┌──

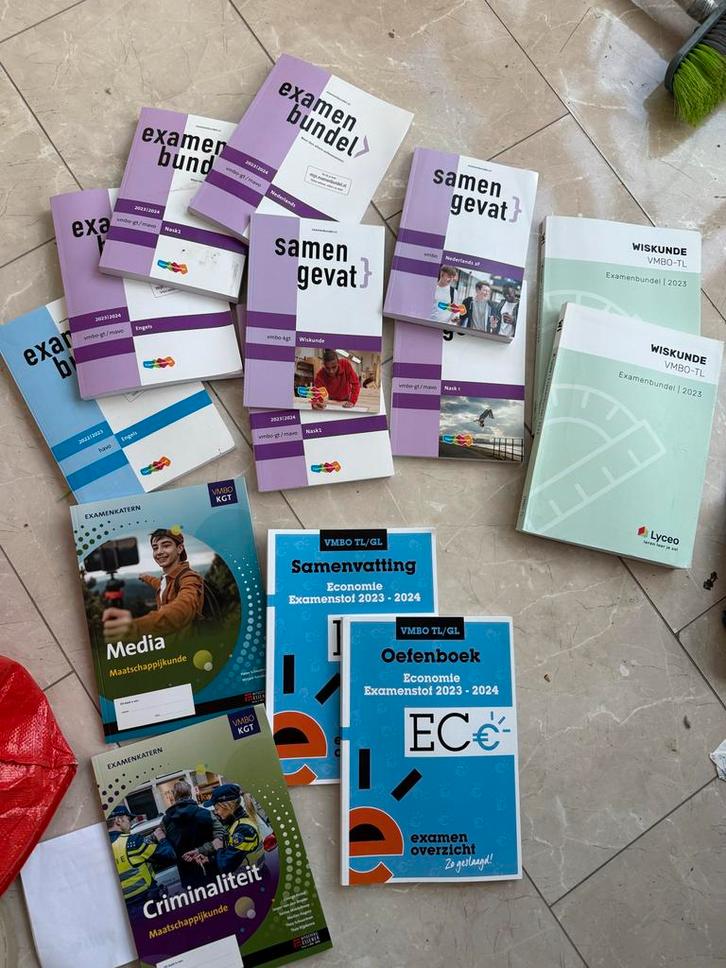 VMBO-gt Examenbundels 2023/2024, Boeken, Studieboeken en Cursussen, Zo goed als nieuw, Overige niveaus, Ophalen of Verzenden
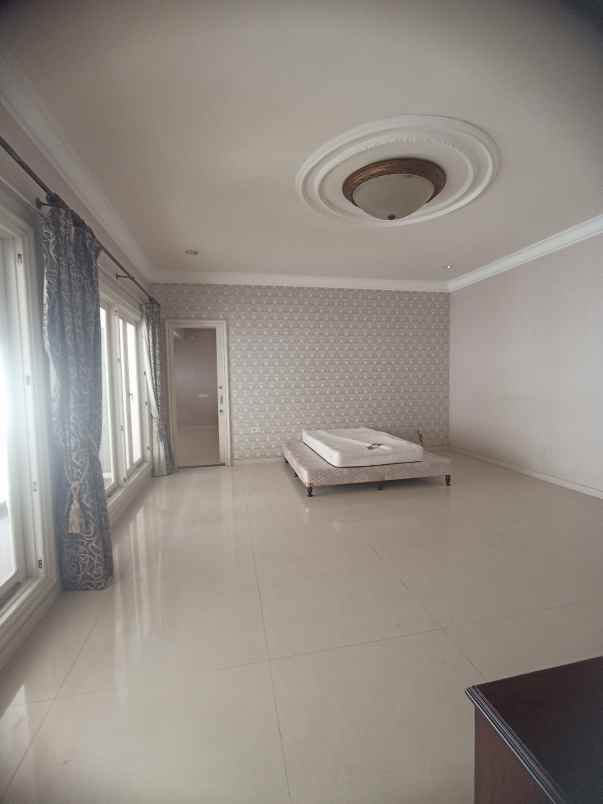 dijual rumah puri galaxy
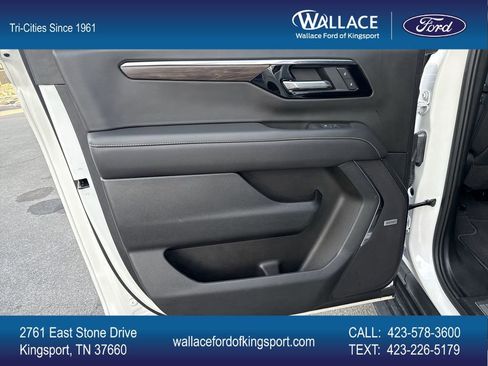 Used 2025 Chevrolet Suburban Premier image 23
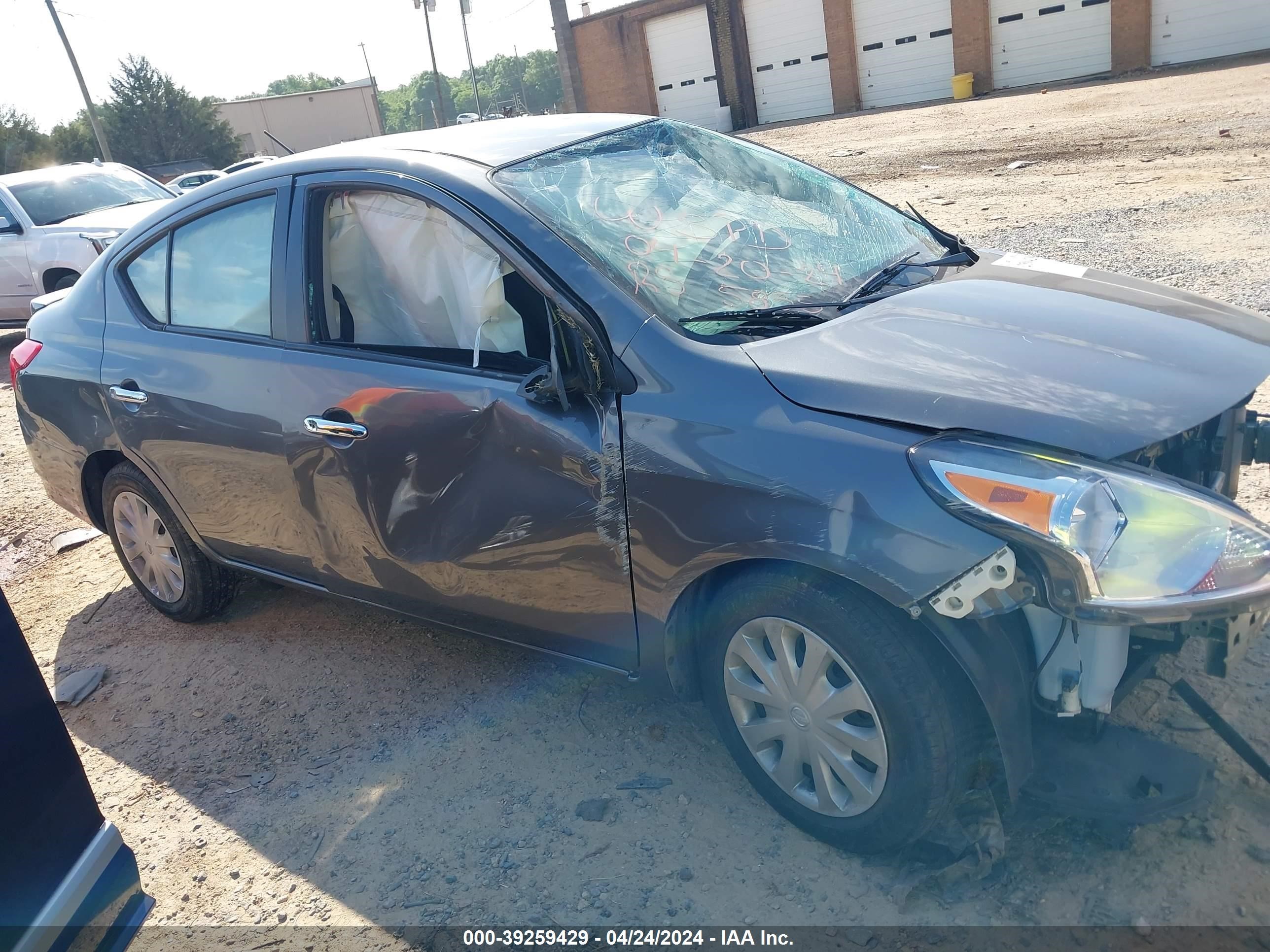 Photo 13 VIN: 3N1CN7AP5JL885855 - NISSAN VERSA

└──

> _TASK GOAL_: Copy only this, please: the line with "dijual rumah puri galaxy" and every line after it through the end of the data, with no pictures.

> _YOUR RESPONSE_:
 dijual rumah puri galaxy
 Used 2025 Chevrolet Suburban Premier image 23
 Photo 13 VIN: 3N1CN7AP5JL885855 - NISSAN VERSA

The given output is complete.